## EXERCISE DIRECTIONS:
First find the line with "Handwritten G Letter", then reproduce it and all following lines of the data to the end, exactly and with no pictures, adding nothing.

Scraped caption text data:

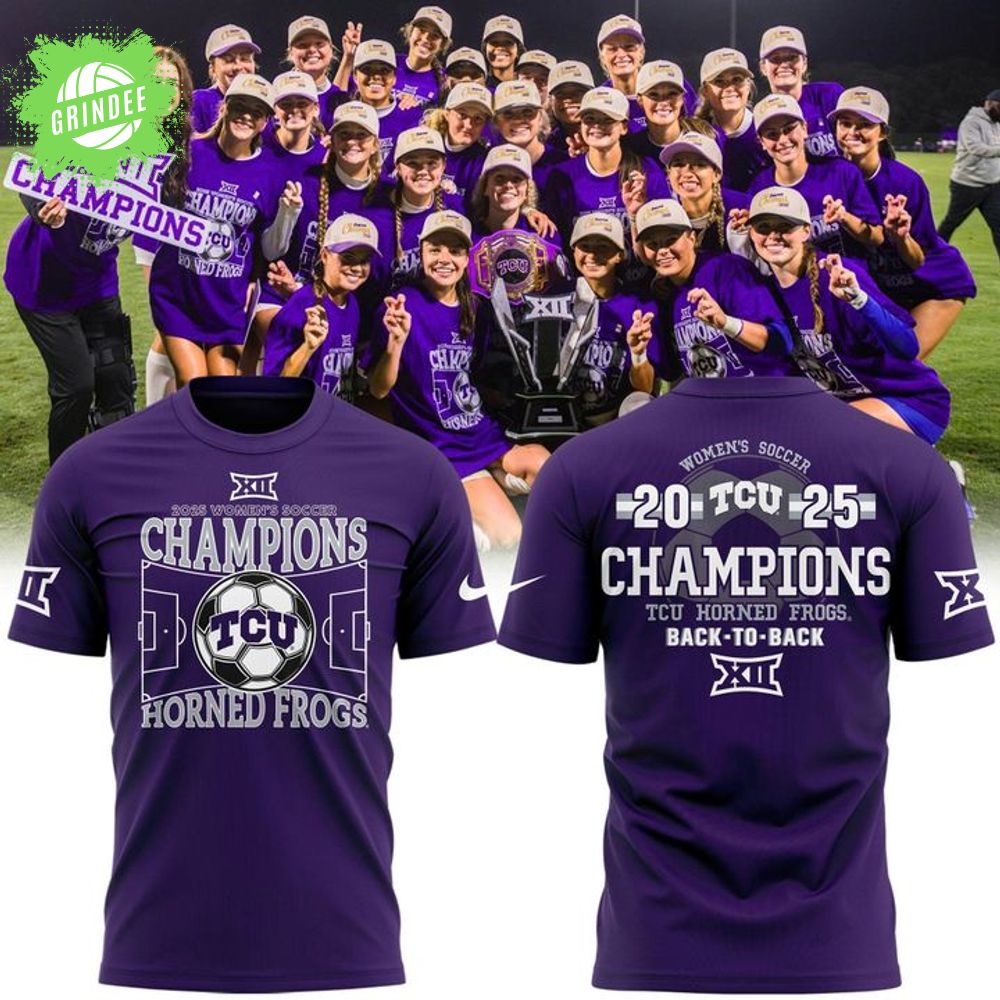 Texas Christian University Women's Soccer 2025 Big 12 Regular Season Champions Short Sleeve T-Shirt Texas Christian University Women's Soccer 2025 Big 12 Regular Season Champions Short Sleeve T-Shirt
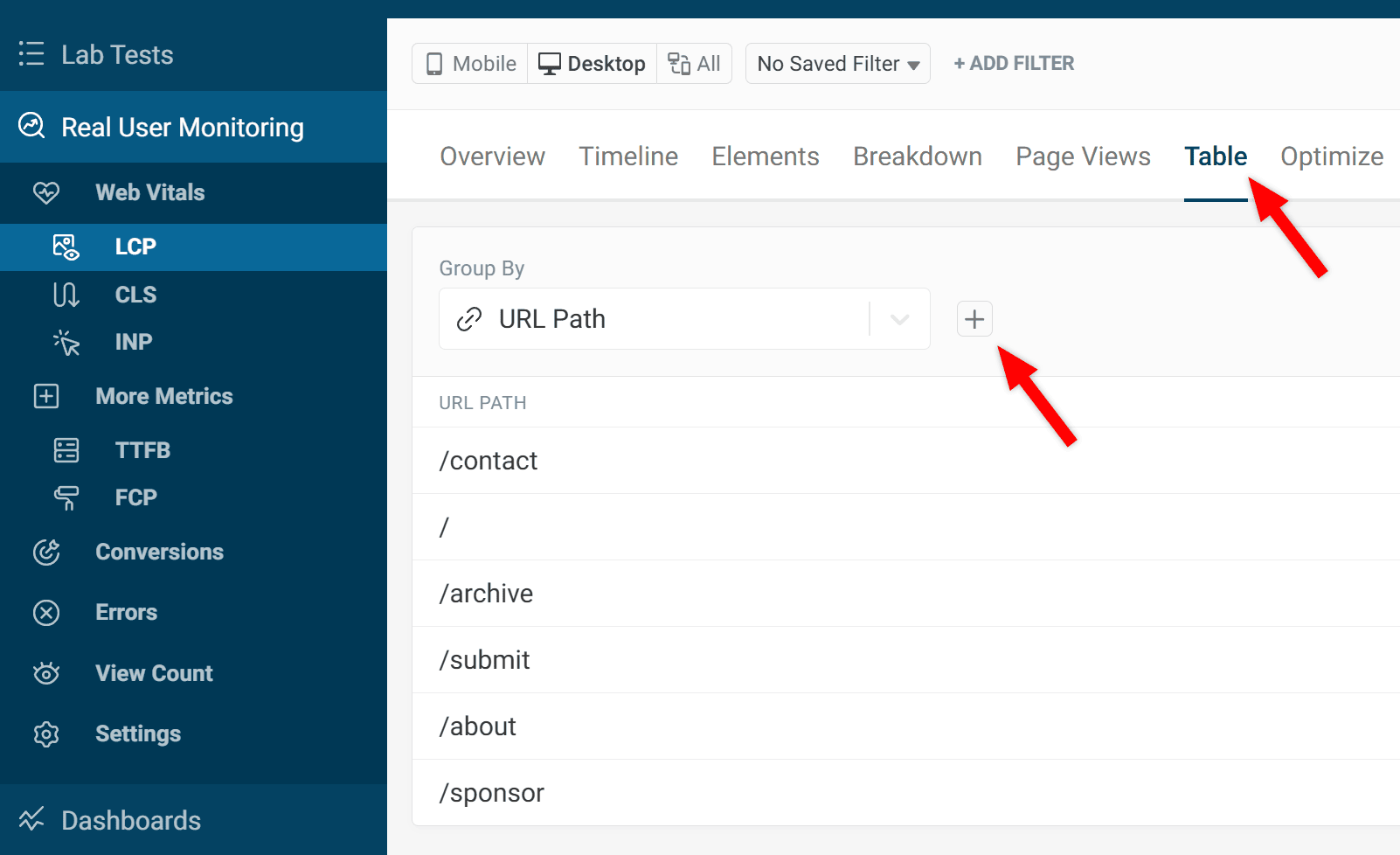 Enabling Heatmap View in the RUM tool in DebugBear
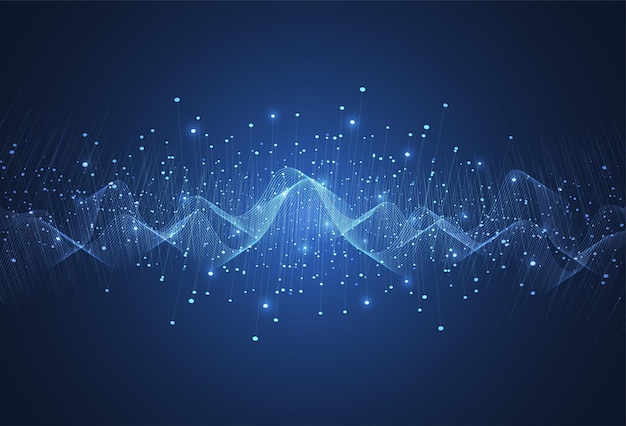 Antecedentes tecnológicos abstractos con conexión a Internet de Big Data sentido abstracto de la ciencia y la tecnología análisis de conceptos diseño gráfico ilustración vectorial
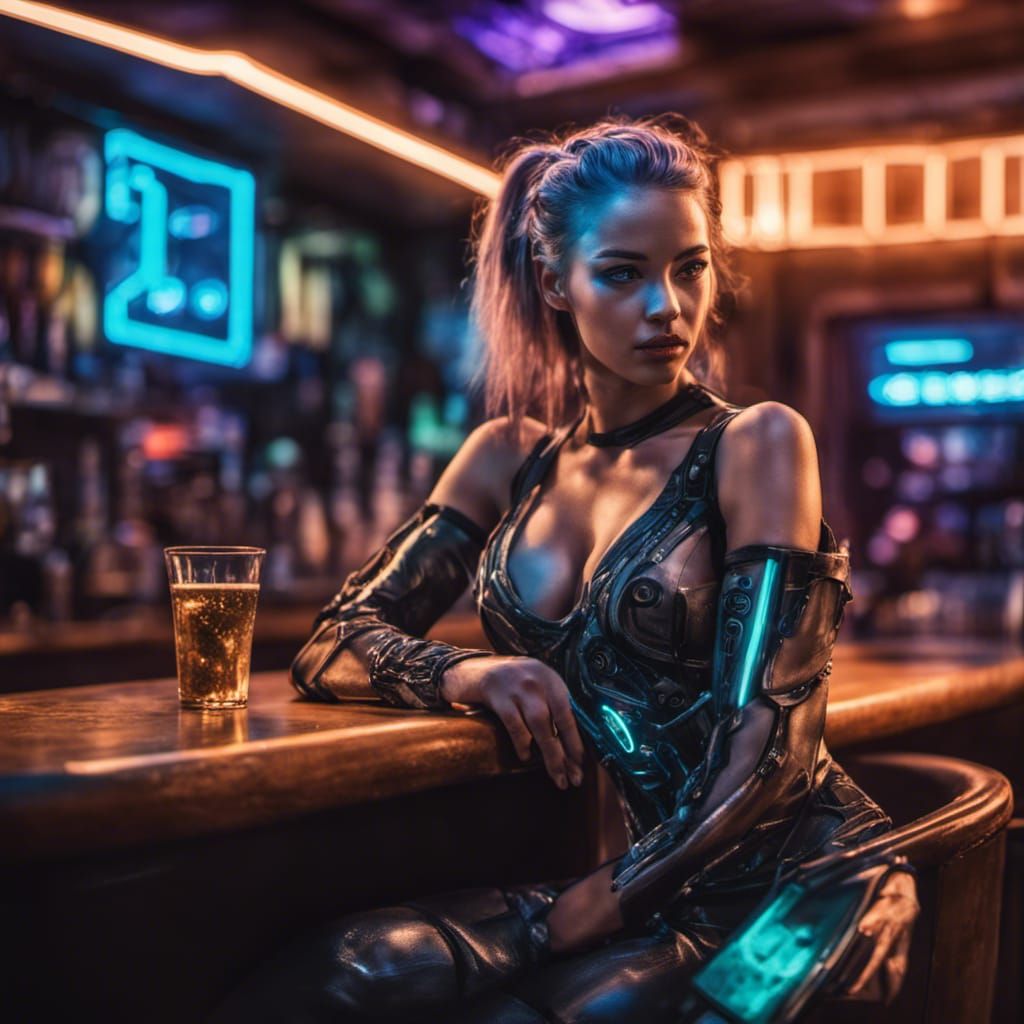 Cyberpunk Woman Relaxes in Neon Bar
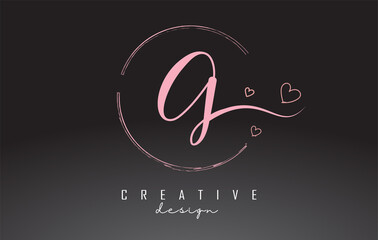 Handwritten G Letter Logo Design with Dust Pink Watercolor Ring and Outline Hearts.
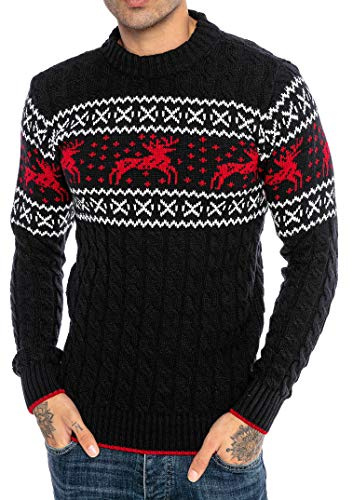 RED BRIDGE Suéter de Punto para Hombres Estilo Noruego Jersey Slim-Fit Plait Reindeer Azul L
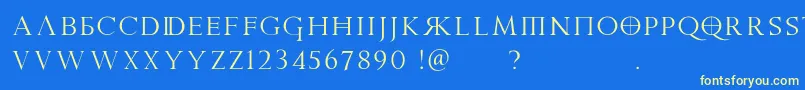 フォントPraetoriaD – 黄色の文字、青い背景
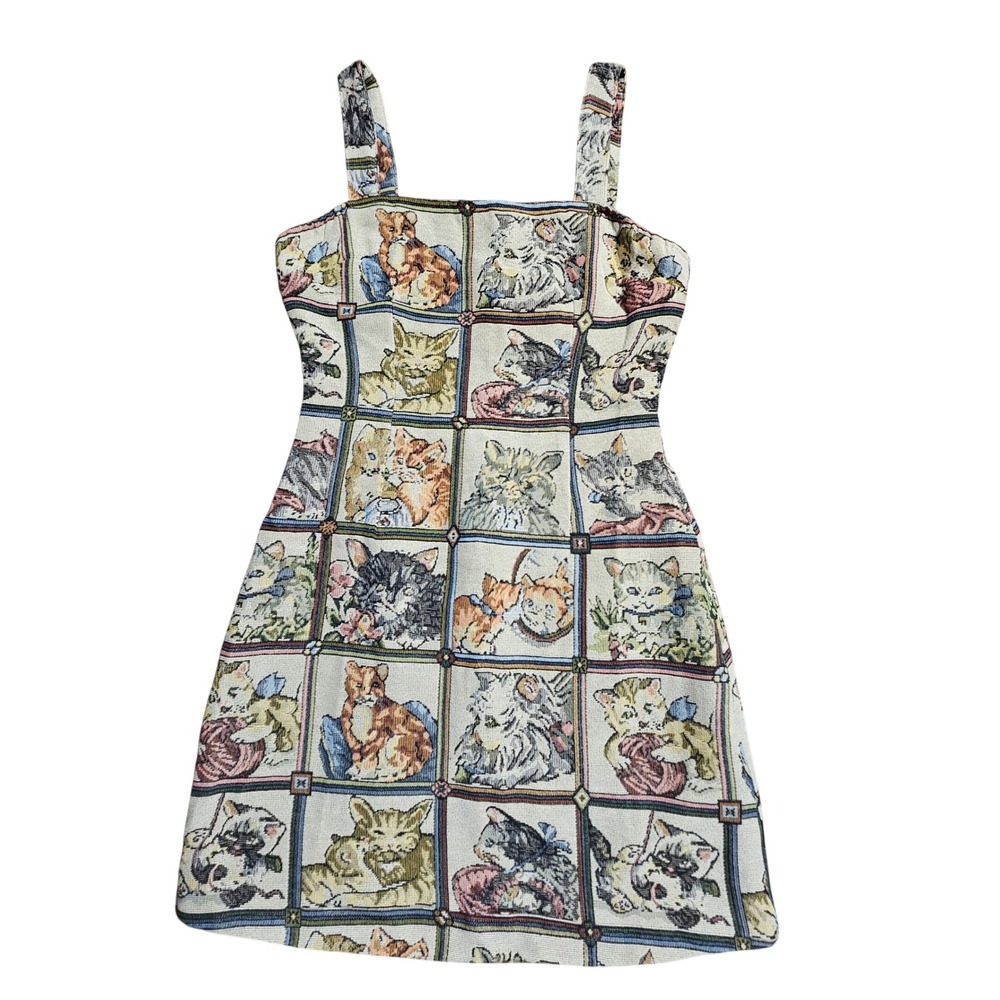 Cider Cider Cat Lover Dress XS Tapestry Sleeveless Kitten Print Retro Whimsy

## RESULT:
 Handwritten G Letter Logo Design with Dust Pink Watercolor Ring and Outline Hearts.
 RED BRIDGE Suéter de Punto para Hombres Estilo Noruego Jersey Slim-Fit Plait Reindeer Azul L
 フォントPraetoriaD – 黄色の文字、青い背景
 Cider Cider Cat Lover Dress XS Tapestry Sleeveless Kitten Print Retro Whimsy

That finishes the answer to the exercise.